Question Speculation: RDNA3 + CDNA2 Architectures Thread

uzzi38 · Jan 23, 2021

Man I have been dying to make this one for a while now.

First rumours for RDNA3 are here so new thread time!

Just going to start off with this one for now: kopite7kimi on Twitter: "@VideoCardz Ah, I mean a simple mcm design with 10240 cores is not enough. Because the lift from RDNA2 to RDNA3 is much bigger than from RDNA1 to RDNA2. We should expect many big improvements in GFX11. 🤔" / Twitter

dr1337 · May 3, 2022

Glo. said:
Just watch it yoursleves guys.

never

Frenetic Pony · May 3, 2022

jpiniero said:
I still insist that both N33 will be more than the 6750 XT's MSRP. Maybe if they keep the size down it won't be that much more.

That's the benefit of a process shrink and chiplets (probably just 1 from SRAM bu still) though. Shrink the equivalent die by about 80%, cut another 25% off of that by making a cheaper SRAM chip for the big cache thing and you get about double the chips per wafer versus 67XX. Even with packaging costs BOM should be similar between.

Guess it'll all depend on how good Alchemist is and how available, same with Ada, and same with zombie crypto coming back though.

Also the new RDNA3 arrangement fits in with the lowest (current) end chip just kinda looking like a 6nm shrink of 66XX. Wonder if they'll change the arch to RDNA3 or just shrink the current chip and call it good.

Timorous · May 4, 2022

jpiniero said:
I still insist that both N33 will be more than the 6750 XT's MSRP. Maybe if they keep the size down it won't be that much more.

On the one hand die size is going to be similar ish between N33 and ~~N23~~ N22* because 4k shaders + 128 bit bus + 8 (assumed) PCIE 5 lanes + 128MB IC on N6 is probably similar in size to 2.5k shaders + 192 bit bus + 16 PCIE 4 lanes + 96MB IC on N7. N33 may even be a bit larger.

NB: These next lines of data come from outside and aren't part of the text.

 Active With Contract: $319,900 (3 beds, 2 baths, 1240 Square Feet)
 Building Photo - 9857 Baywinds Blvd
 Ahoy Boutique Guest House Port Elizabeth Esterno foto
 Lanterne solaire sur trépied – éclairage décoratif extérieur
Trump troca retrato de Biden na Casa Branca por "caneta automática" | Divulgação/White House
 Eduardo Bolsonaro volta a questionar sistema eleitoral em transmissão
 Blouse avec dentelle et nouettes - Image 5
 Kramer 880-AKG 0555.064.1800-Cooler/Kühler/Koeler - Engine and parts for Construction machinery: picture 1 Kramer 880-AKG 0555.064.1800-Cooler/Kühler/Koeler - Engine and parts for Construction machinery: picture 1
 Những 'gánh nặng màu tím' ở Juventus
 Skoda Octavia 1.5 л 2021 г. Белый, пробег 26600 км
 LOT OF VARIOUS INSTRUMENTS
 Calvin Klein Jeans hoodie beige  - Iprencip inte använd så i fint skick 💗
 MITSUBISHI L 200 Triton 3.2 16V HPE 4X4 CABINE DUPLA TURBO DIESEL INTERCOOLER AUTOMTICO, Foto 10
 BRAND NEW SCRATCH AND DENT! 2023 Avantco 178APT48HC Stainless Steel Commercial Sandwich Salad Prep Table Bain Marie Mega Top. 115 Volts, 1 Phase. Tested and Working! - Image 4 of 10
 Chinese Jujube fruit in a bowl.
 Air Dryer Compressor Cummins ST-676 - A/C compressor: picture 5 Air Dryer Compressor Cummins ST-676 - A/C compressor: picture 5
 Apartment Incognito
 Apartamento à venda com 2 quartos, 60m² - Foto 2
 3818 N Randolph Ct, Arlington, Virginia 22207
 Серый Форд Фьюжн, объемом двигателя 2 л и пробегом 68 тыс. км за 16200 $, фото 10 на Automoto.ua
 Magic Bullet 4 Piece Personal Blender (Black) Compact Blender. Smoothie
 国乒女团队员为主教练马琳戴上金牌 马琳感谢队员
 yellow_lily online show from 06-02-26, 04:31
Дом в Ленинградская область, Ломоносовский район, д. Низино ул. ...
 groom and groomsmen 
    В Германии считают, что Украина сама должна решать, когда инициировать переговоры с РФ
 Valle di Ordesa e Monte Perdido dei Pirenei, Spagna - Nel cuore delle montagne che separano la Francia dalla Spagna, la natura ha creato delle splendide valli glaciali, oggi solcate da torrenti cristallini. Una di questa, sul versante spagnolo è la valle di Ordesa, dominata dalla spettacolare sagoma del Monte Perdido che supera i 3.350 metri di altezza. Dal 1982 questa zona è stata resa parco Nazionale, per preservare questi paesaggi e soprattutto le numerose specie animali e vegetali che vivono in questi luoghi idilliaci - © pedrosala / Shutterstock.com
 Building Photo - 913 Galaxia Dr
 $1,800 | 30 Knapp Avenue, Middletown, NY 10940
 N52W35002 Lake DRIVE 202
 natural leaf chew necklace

OTOH 8GB of GDDR6 vs 12GB does reduce the memory cost, lower TBP means the PCB and cooling can be a bit cheaper as well and N6 is cheaper than N7 too so overall BOM cost is probably about even at worst and at best is an advantage for the N33 based part. Given that the MSRP of the 6700XT was $480 a $450 7600XT is not out of the question with similar or better margin.

If performance is faster than a 6900XT at 1080p and similar at 1440p (outside of the cases where 8GB is limiting) then $450 would not be terrible value even if it is expensive for a 600 series card historically. I see no way AMD can sell N33 as the 7700XT with just 8GB of VRAM. Performance wise it is there but since 700 class is usually targeting 1440p or entry level 4K 8GB just will not cut it for the upcoming gen of GPUs so that won't fly. Giving it 16GB of VRAM is an option but that adds expense and it reduces max volume so that looks doubtful to me as well.

*Thank you uzzi for point that out.

uzzi38 · May 4, 2022

Timorous said:
On the one hand die size is going to be similar ish between N33 and N23 because 4k shaders + 128 bit bus + 8 (assumed) PCIE 5 lanes + 128MB IC on N6 is probably similar in size to 2.5k shaders + 192 bit bus + 16 PCIE 4 lanes + 96MB IC on N7. N33 may even be a bit larger.

OTOH 8GB of GDDR6 vs 12GB does reduce the memory cost, lower TBP means the PCB and cooling can be a bit cheaper as well and N6 is cheaper than N7 too so overall BOM cost is probably about even at worst and at best is an advantage for the N33 based part. Given that the MSRP of the 6700XT was $480 a $450 7600XT is not out of the question with similar or better margin.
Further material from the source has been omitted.